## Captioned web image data
------------------------------------

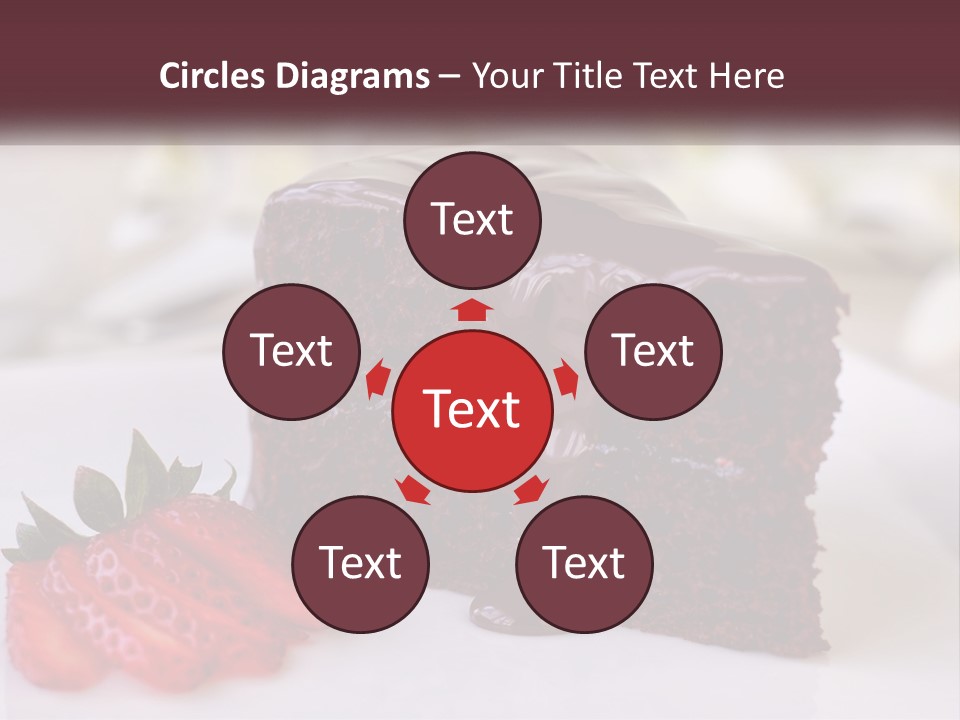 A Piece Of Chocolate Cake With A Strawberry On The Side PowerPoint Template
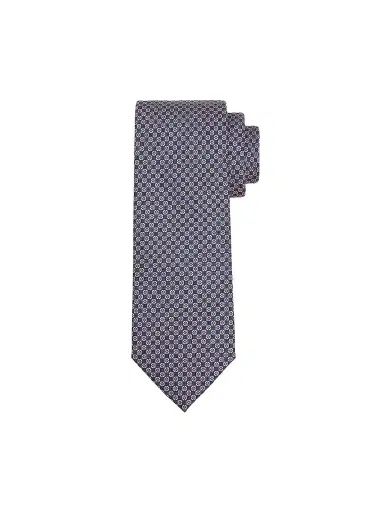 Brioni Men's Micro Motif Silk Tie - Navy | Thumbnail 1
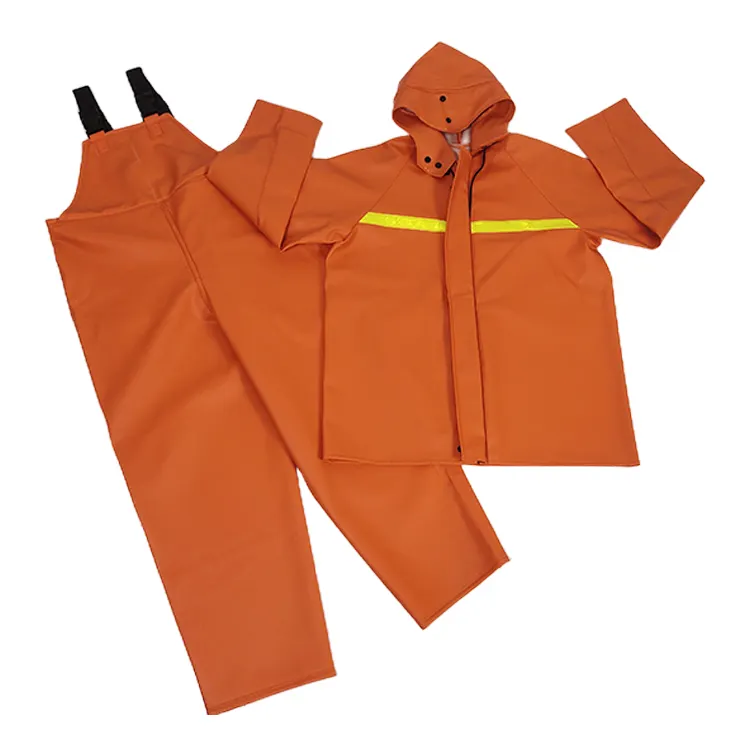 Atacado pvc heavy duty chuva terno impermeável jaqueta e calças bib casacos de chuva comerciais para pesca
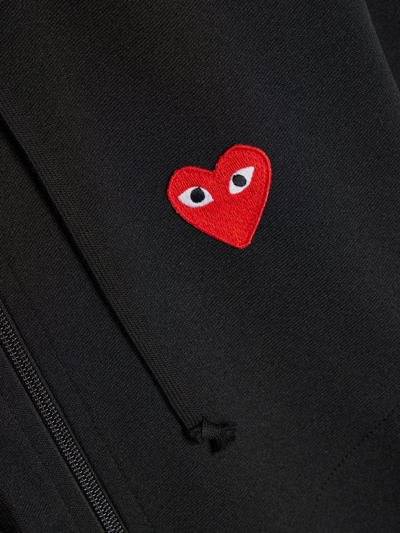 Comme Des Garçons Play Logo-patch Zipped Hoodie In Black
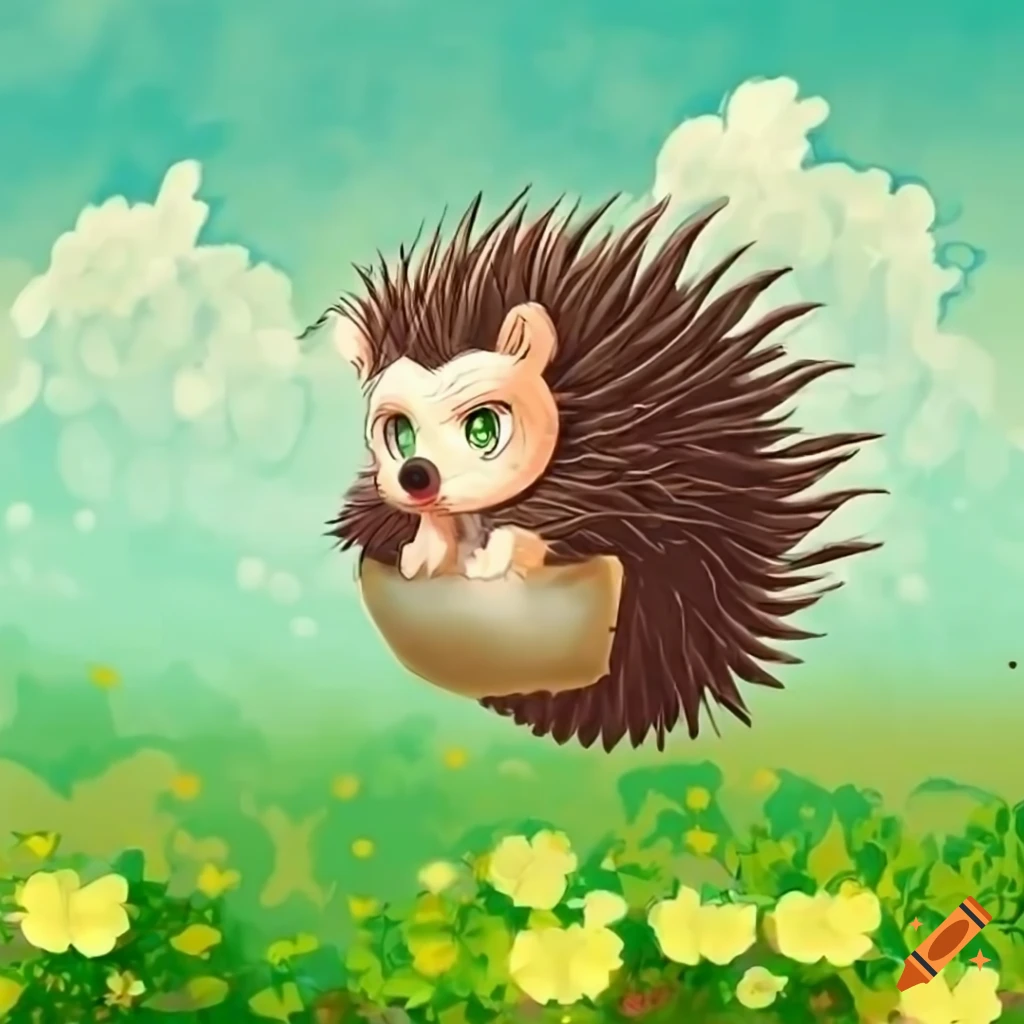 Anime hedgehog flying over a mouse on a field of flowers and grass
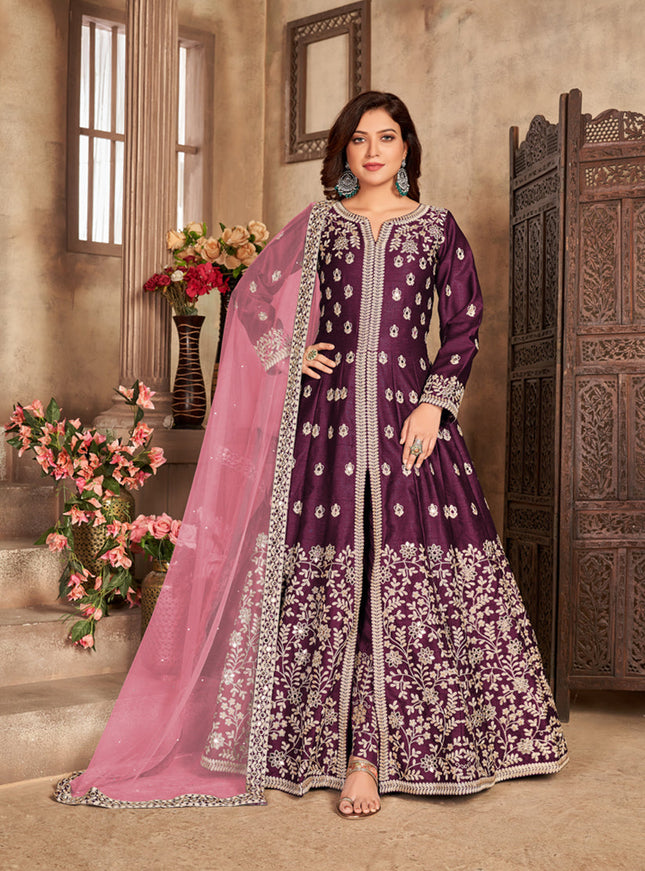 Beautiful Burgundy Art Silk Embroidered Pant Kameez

------------------------------------

## What is needed
The records above are to be transcribed word for word. Skip the images.

## Exercise answer
 A Piece Of Chocolate Cake With A Strawberry On The Side PowerPoint Template
 Brioni Men's Micro Motif Silk Tie - Navy | Thumbnail 1
 Atacado pvc heavy duty chuva terno impermeável jaqueta e calças bib casacos de chuva comerciais para pesca
 Comme Des Garçons Play Logo-patch Zipped Hoodie In Black
 Anime hedgehog flying over a mouse on a field of flowers and grass
 Beautiful Burgundy Art Silk Embroidered Pant Kameez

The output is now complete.